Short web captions
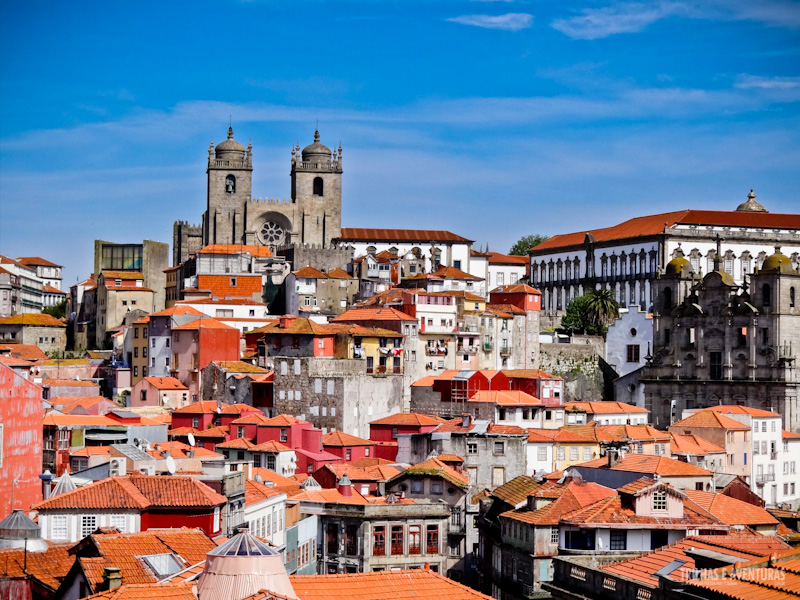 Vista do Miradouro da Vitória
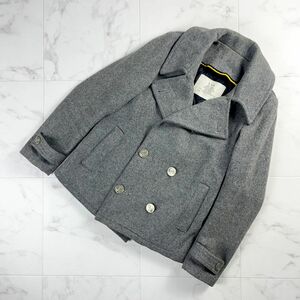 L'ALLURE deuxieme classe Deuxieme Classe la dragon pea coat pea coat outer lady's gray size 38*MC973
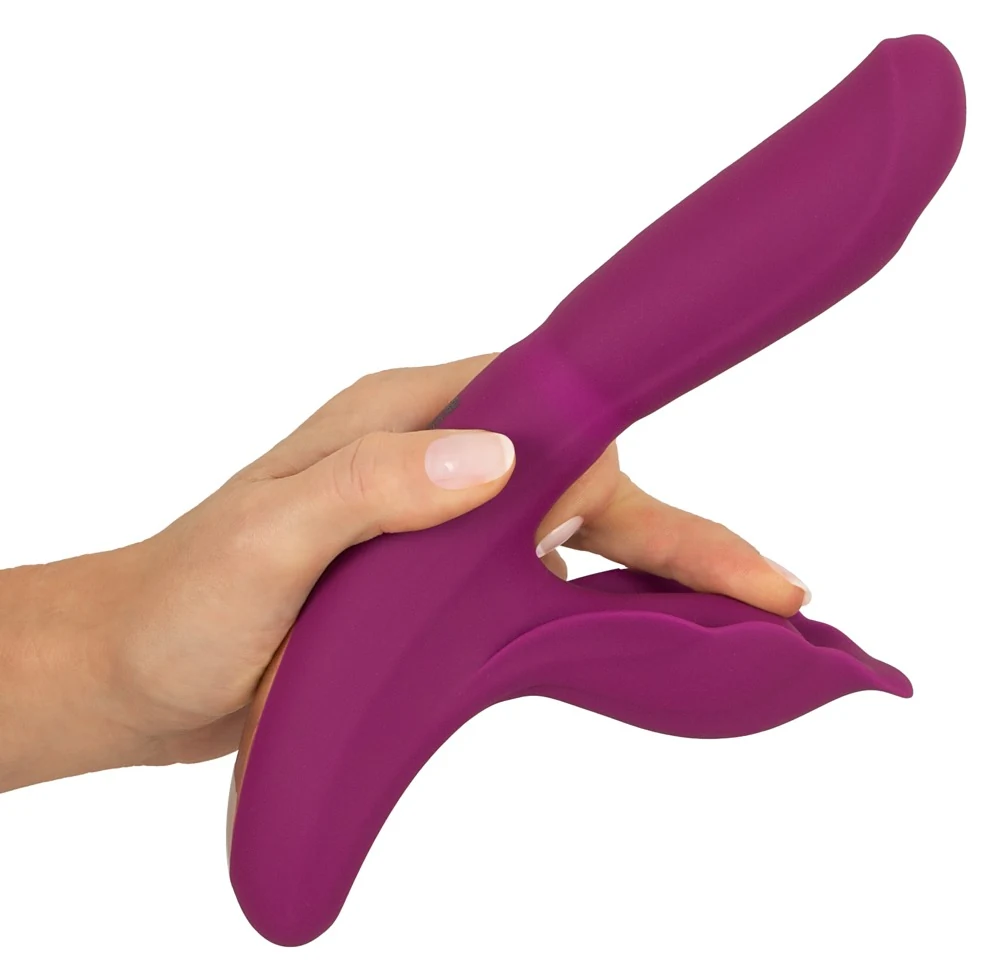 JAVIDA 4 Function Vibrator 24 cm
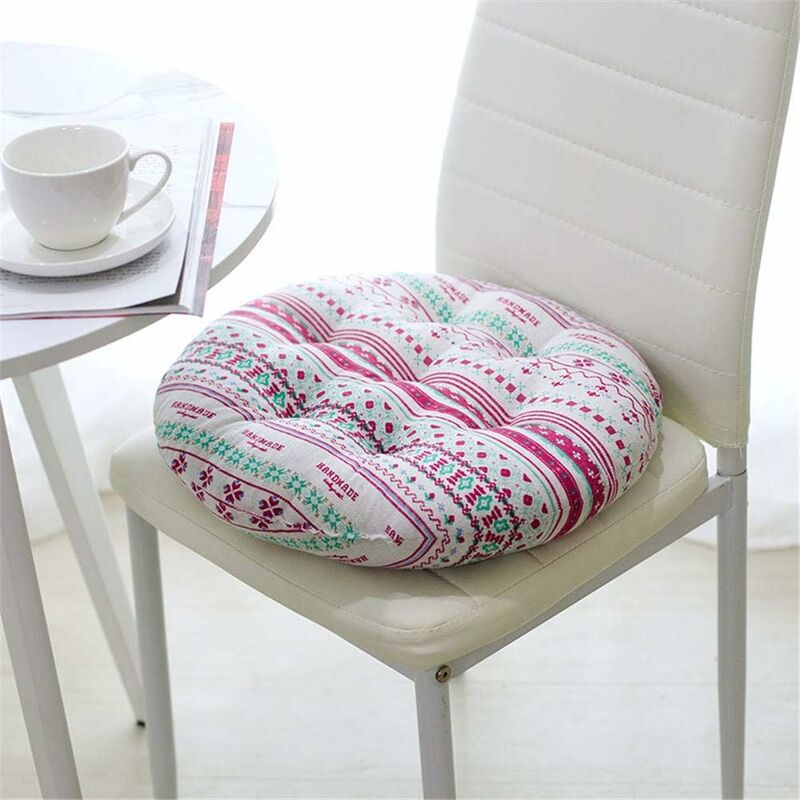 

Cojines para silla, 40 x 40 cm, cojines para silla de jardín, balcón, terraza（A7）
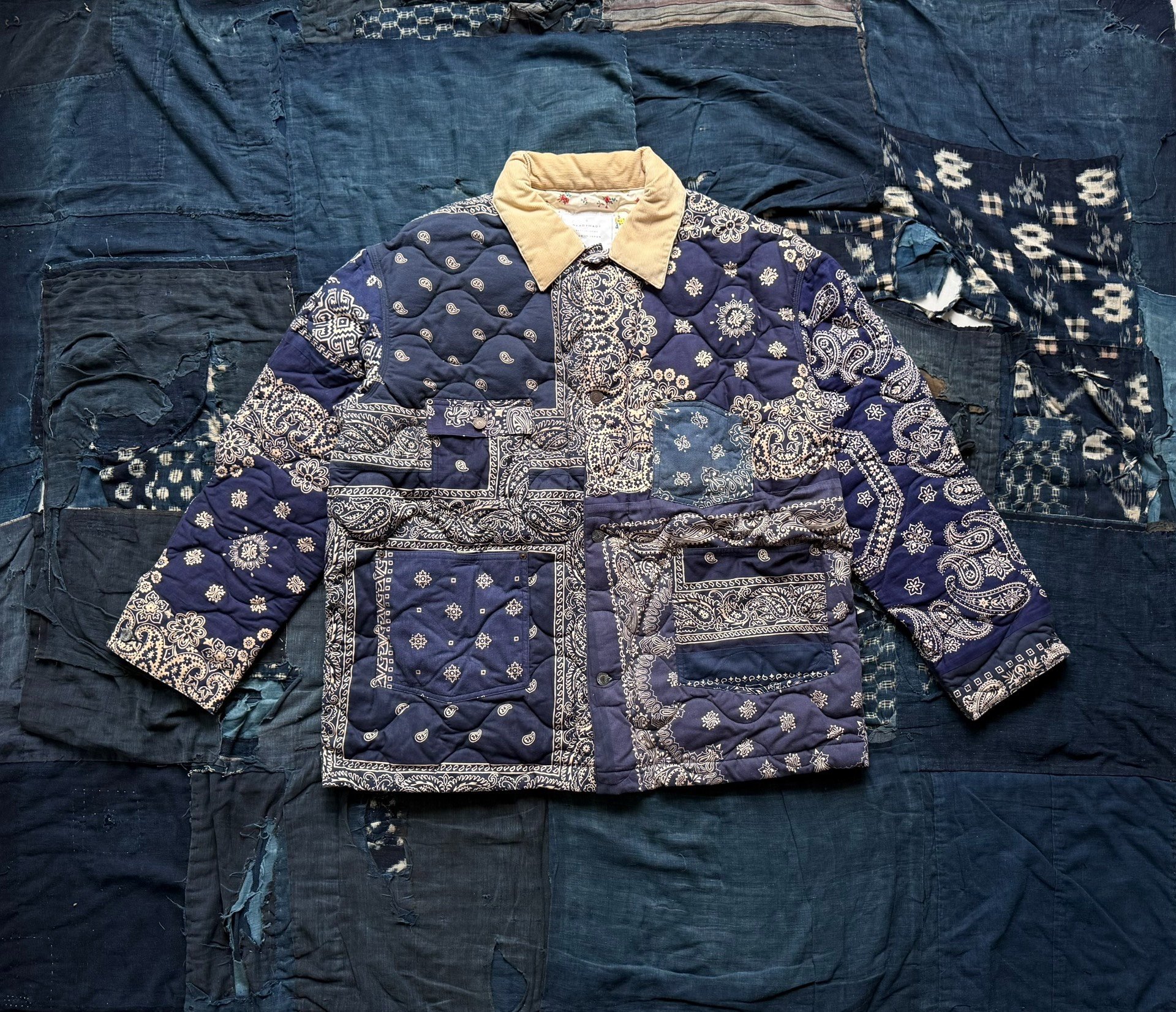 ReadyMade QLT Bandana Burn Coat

WHAT YOU HAVE TO DO: An exact reprint of every record is required, with the pictures omitted.

RESPONSE FOR THIS EXERCISE:
 Vista do Miradouro da Vitória
 L'ALLURE deuxieme classe Deuxieme Classe la dragon pea coat pea coat outer lady's gray size 38*MC973
 JAVIDA 4 Function Vibrator 24 cm

Cojines para silla, 40 x 40 cm, cojines para silla de jardín, balcón, terraza（A7）
 ReadyMade QLT Bandana Burn Coat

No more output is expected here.